Andrew · October 2017

I've managed to score 1134 but I'll post at the last possible moment

Andrew · October 2017

Hello all

I've managed to score 1134 but I'll post my process at the last possible moment.

regards

Andrew

sgenzer · October 2017

Boom! Well done, @Andrew! Anyone else coming in? There are prizes for 2nd and 3rd prizes.

Scott

jacobcybulski · October 2017

Hi Scott,

Just a question on the submission method. I am sure it has been addressed in the original competition document and your post above, I just want to ensure I am following your instructions to the letter. Here are some of my assumptions:

the submission is simply a post to this discussion area;
the submission can include multiple processes, including those called by "Execute Process";
we should refrain from using Python or R and instead focus on the pure RM solution;
the post needs to explain how to run the included processes;
all included XML inserts would be saved into the same folder with correct names;
you are not happy accepting a zipped directory of all RMP files;
we need to explain the method of data pre-processing and that we do not violate any rules;
you are going to penalise any copy-cats and any attempts of plagiarism of the submitted solutions;
finally, can I assume that the data provided to us has been nicely unzipped into two folders, or must we rely on the zipped data as it was provided to the competitors?

Jacob

P.S. Lots of questions and I am yet to get some good results to submit

sgenzer · October 2017

Hello @jacobcybulski - all good questions. Let me answer below.
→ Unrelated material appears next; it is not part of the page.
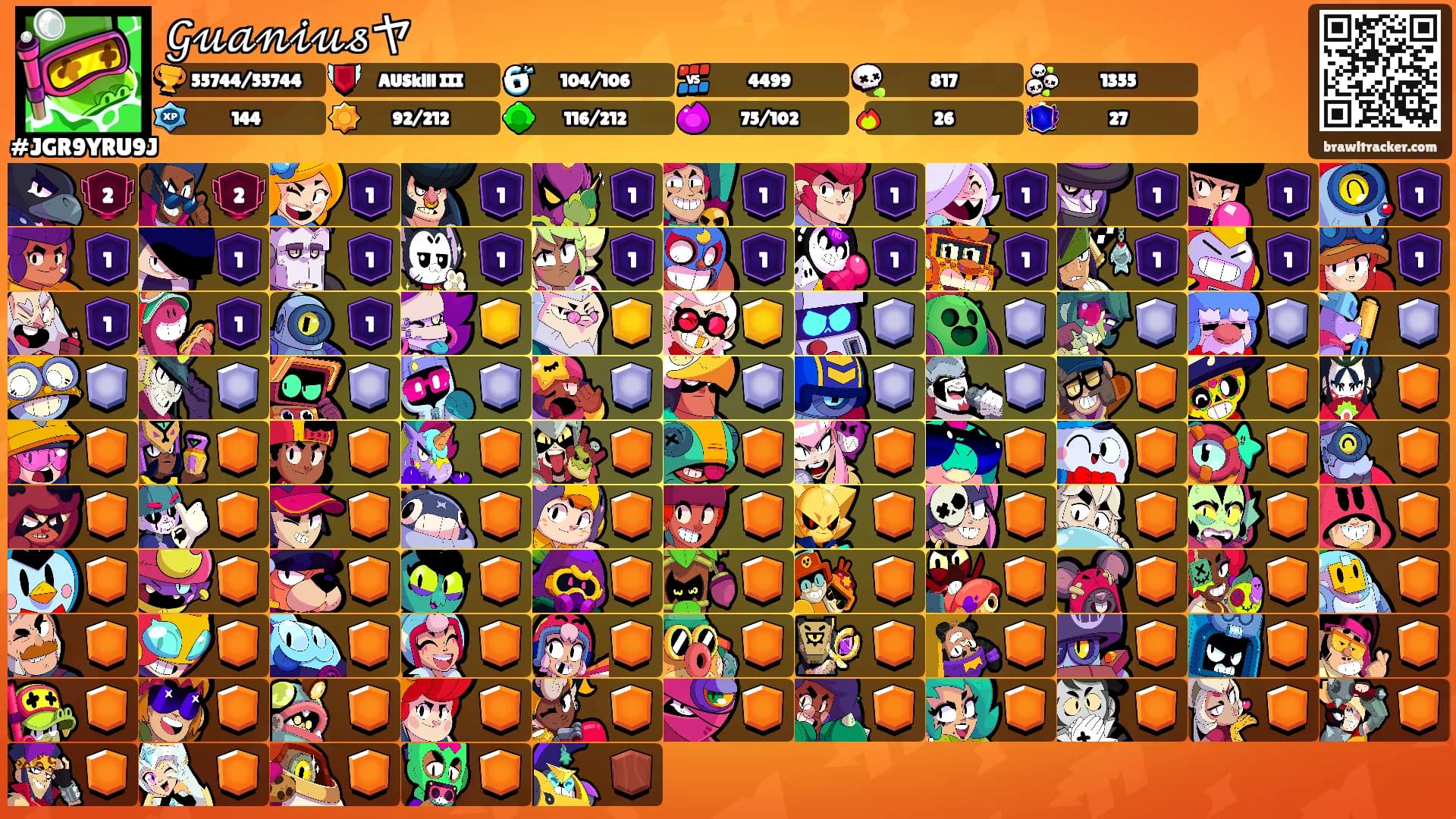 𝒢𝓊𝒶𝓃𝒾𝓊𝓈ヤ's Ranks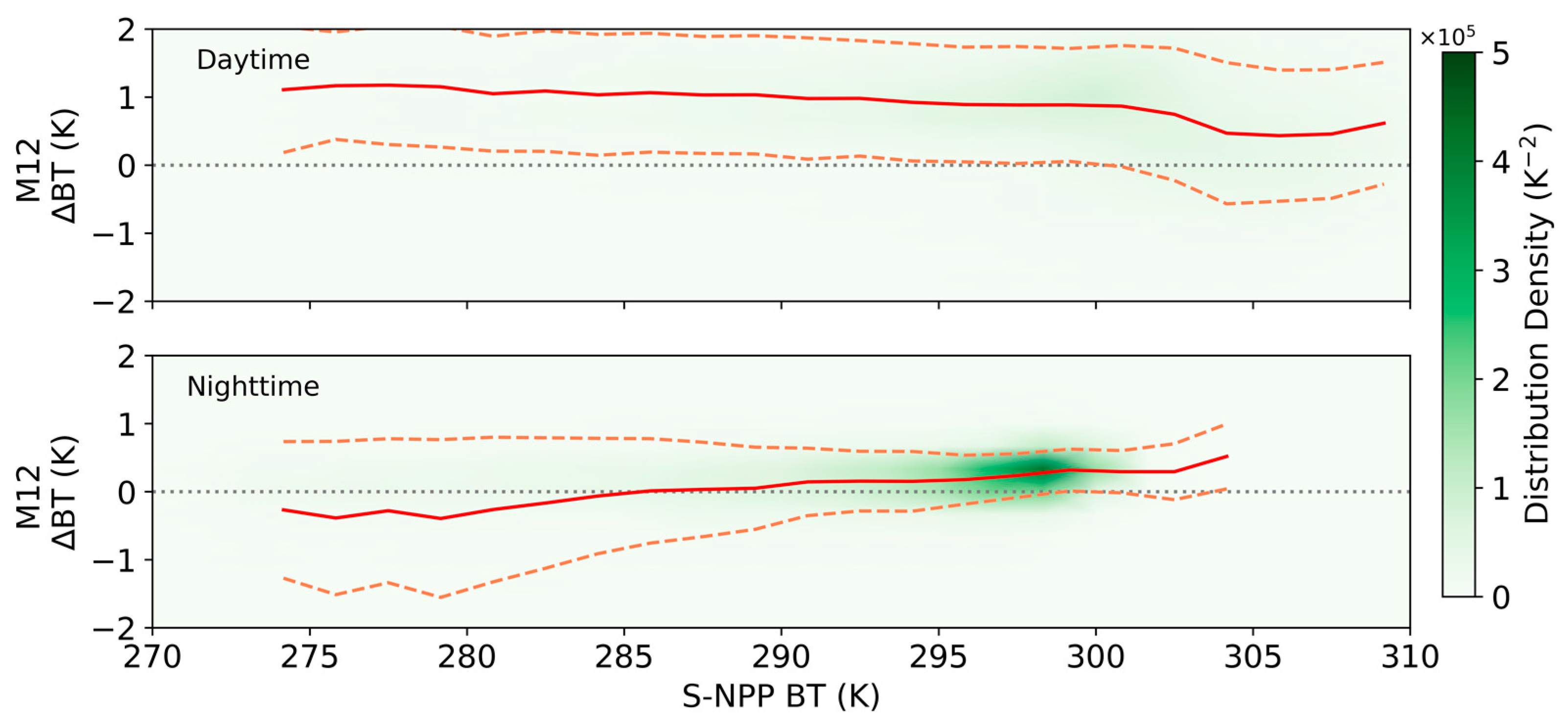 Remotesensing 16 01271 g008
the submission is simply a post to this discussion area;

YES.

the submission can include multiple processes, including those called by "Execute Process";

YES, as long as the processes that "Execute Process" calls are also included in your submission.

we should refrain from using Python or R and instead focus on the pure RM solution;

NO. You can use Python and R if you like. There were no rules that stipulated otherwise. Of course all scripts need to be executable, open-source, etc... We are not going to spend time ensuring that dependencies are there and so forth.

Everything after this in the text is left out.